Posted June 13, 2006 - 09:16 PM

#20

I didn't want to get into an arguement with the guys down there. I have some experience with replacing the steering head bearings on an 03 yz 250. I did it in the garage. I think the problem is that they don't lube the bearings very well from the factory. I got the new 450 and first thing disassembled the steering head and there was very little, actually more like a film of grease in there. When you do replace the bearings, make sure you really grease them. If you wash the bike alot, water will get in there. Anyway, I have always heard to replace bearings and races as a set. When you get the new ones, the bearing will come packaged in the race. I used those pivot works bearings, which were cheaper, and worked fine.

OK, to get the races out, I just used a long steel punch.
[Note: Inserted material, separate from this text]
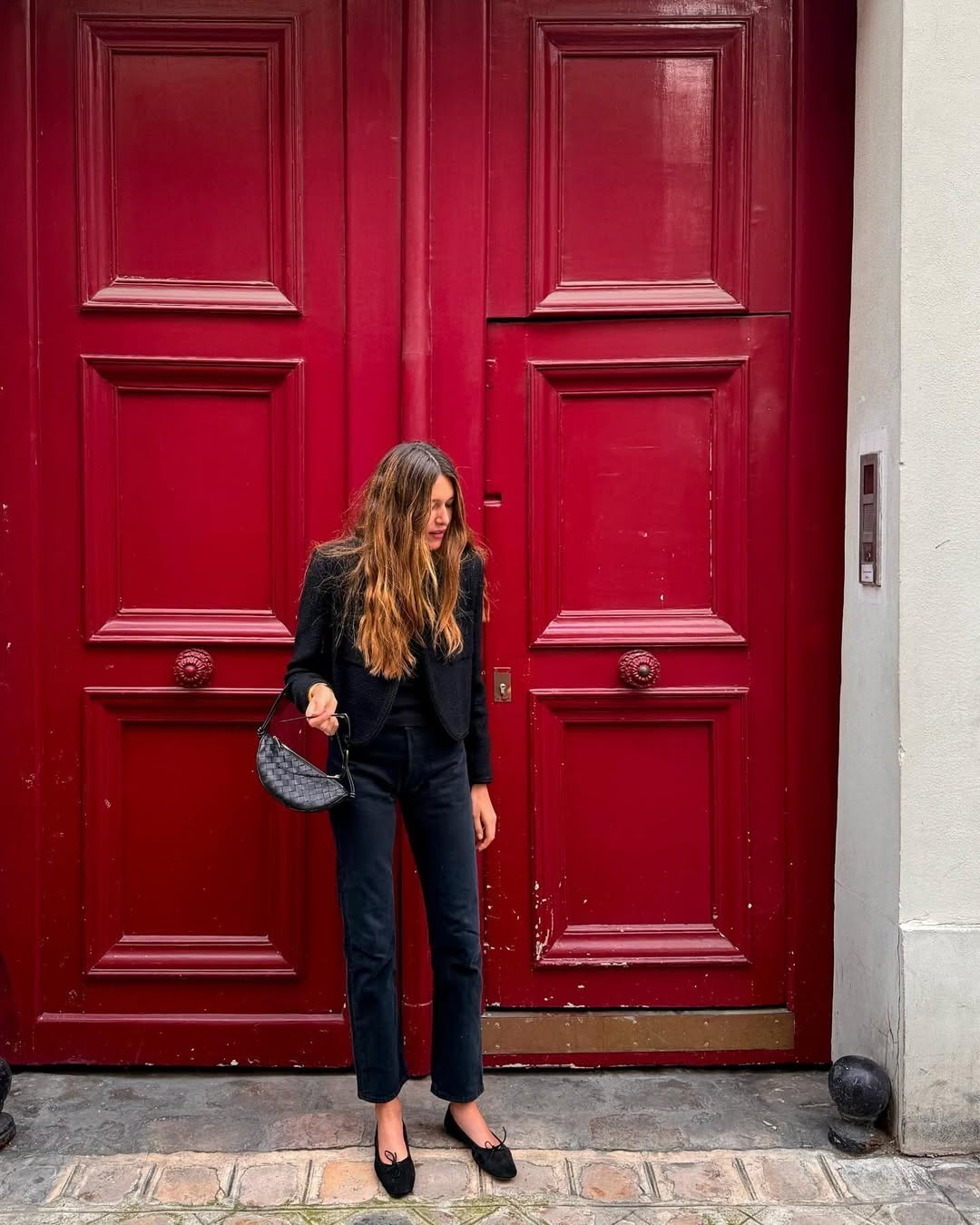 Influencer @saraloura wears black jeans with a bouclé jacket and black ballet flats.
Another guy mentioned a brass one. That would work better because it's softer. Anyway, the steel ones can be bought at many hardware stores. The trick is to make sure the punch is aligned with the race, since there isn't much protruding inside the steering head. the punch I got sticks out of the other side of the head about two inches, and the tip is round (3/16" or so in diameter). It really only takes about three or four good, solid licks to get the bearing race started. Once your there, it's pretty much done. Just work your way around. It sometimes helps if there is somebody else there to help steady the punch at the opposite end of the head. **By the way, the two bearings are different sizes... Make sure you get the right ones in the right places. The bearing on the stem is stuck on the stem. Penetrating oil relieved it enough to remove it with some help from the punch.
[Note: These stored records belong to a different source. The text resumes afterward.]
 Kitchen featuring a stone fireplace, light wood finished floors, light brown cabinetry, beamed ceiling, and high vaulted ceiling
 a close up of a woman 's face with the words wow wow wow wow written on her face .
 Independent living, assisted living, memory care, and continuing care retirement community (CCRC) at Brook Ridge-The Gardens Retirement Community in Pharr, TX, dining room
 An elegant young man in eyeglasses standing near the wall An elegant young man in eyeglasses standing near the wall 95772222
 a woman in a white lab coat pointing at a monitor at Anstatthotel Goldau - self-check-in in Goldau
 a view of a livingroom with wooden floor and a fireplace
When you put the new bearing back on the stem, try to find a pipe or something to go over the stem and seat around the top of the bearing. I want to tell you this, because I did it, but I was extremely careful, but I used a rubber mallet and a 2x4 to put the bearing on the stem because I didn't have a pipe. Now, I ruined one set and had to go buy another set of bearings because I bent the bearing cage the first time. I was careful, very careful, and got it to work the second time with the rubber mallet/2x4. As long as it's the right bearing, it should go on relatively smoothly. Use some oil if you need to. Another thing I thought of but did not try was to put the bearing on a small amount, and then put the triple clamps back in the head and slowly torque the nut to press the bearing on.

I really hope this helps you, I was a little overwhelmed when I did this, too.